### What is being asked
Return every line below as is, leaving out the pictures.

### Data extract
--
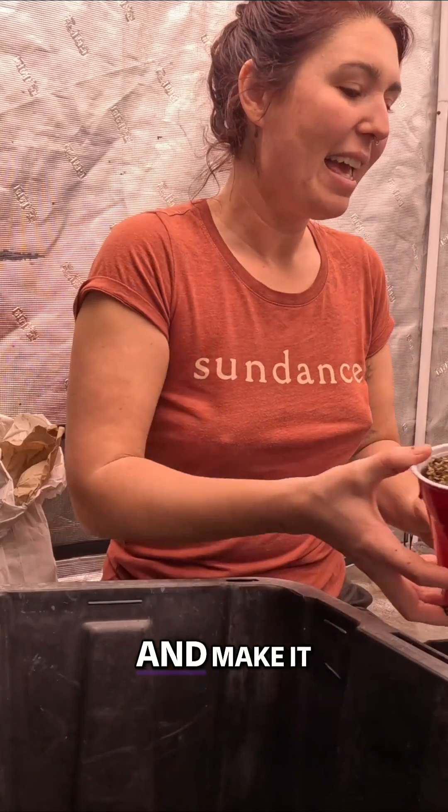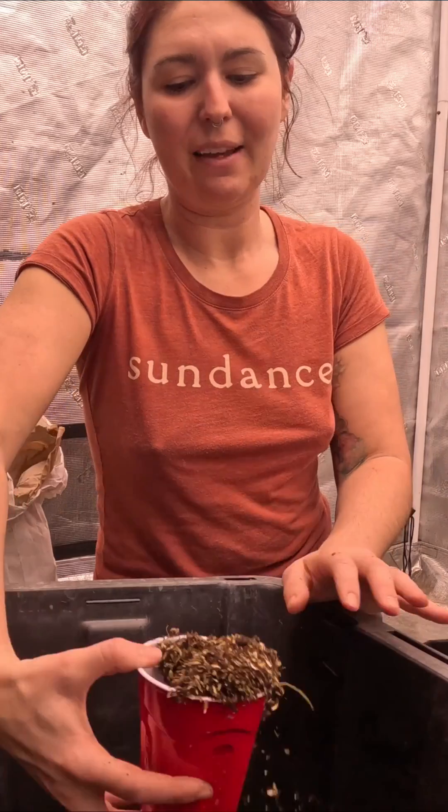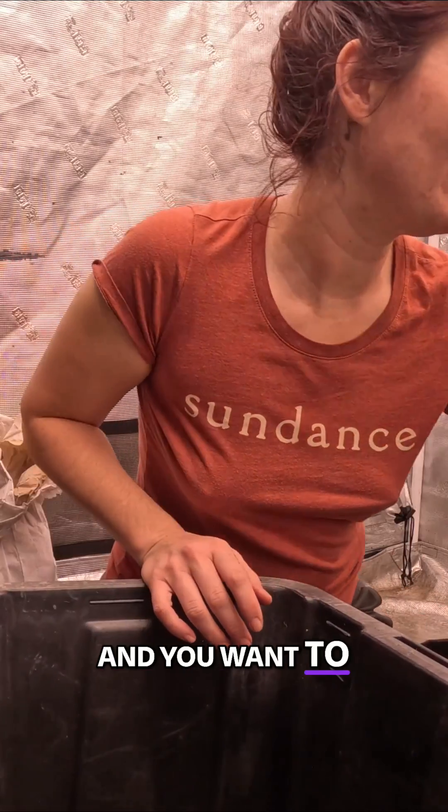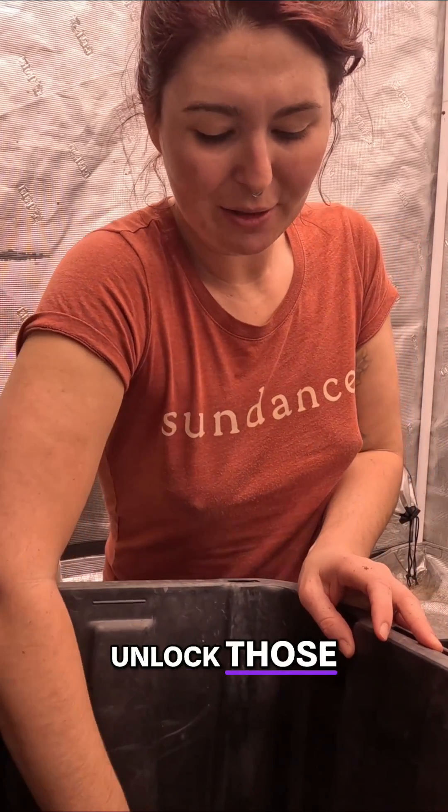Sprouted seeds are amazing. If you have the time and want to do sprouted seed teas, they're a great way to unlock those enzymes.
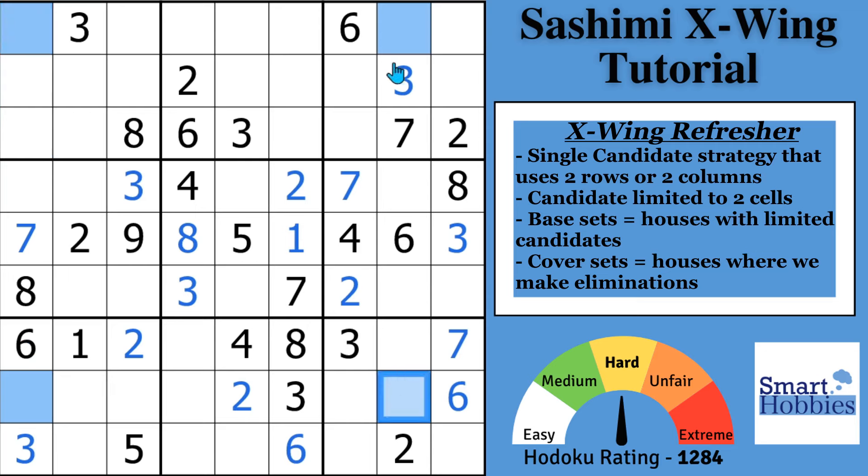A 4 could be here, here, or here, and here. You'd be able to make eliminations in all of these cells. A Sudoku X-Wing allows you to make eliminations all the way down the columns, which are called the cover sets. In this case you can do 6, but sometimes you can do even more eliminations there.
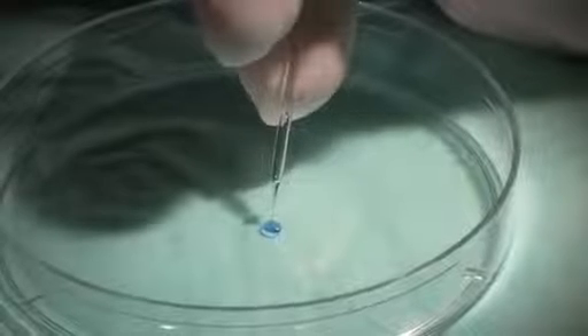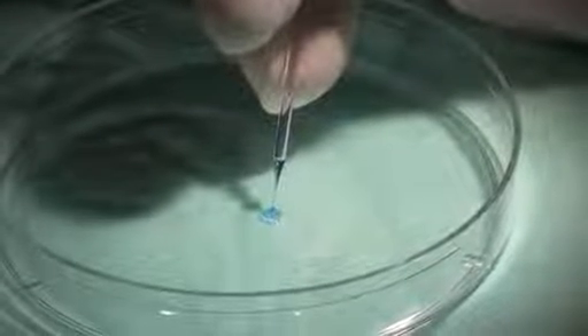We'll use a colored solution to represent the viral vector or stem cells. Place this in a sterile petri dish, then aspirate some air and then the injection solution.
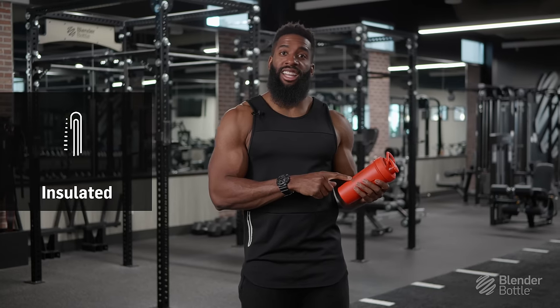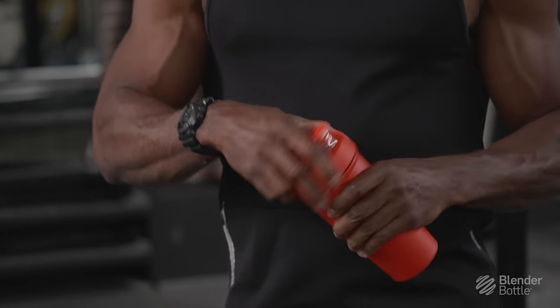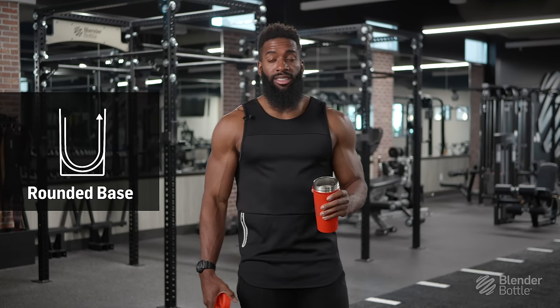The first one is it's insulated, meaning it's going to keep your drinks cold all day long. The second one is the rounded base, meaning when you put your protein powder in there, it won't get stuck to the bottom.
--
### Your solution
Sprouted seeds are amazing. If you have the time and want to do sprouted seed teas, they're a great way to unlock those enzymes.
A 4 could be here, here, or here, and here. You'd be able to make eliminations in all of these cells. A Sudoku X-Wing allows you to make eliminations all the way down the columns, which are called the cover sets. In this case you can do 6, but sometimes you can do even more eliminations there.
We'll use a colored solution to represent the viral vector or stem cells. Place this in a sterile petri dish, then aspirate some air and then the injection solution.
The first one is it's insulated, meaning it's going to keep your drinks cold all day long. The second one is the rounded base, meaning when you put your protein powder in there, it won't get stuck to the bottom.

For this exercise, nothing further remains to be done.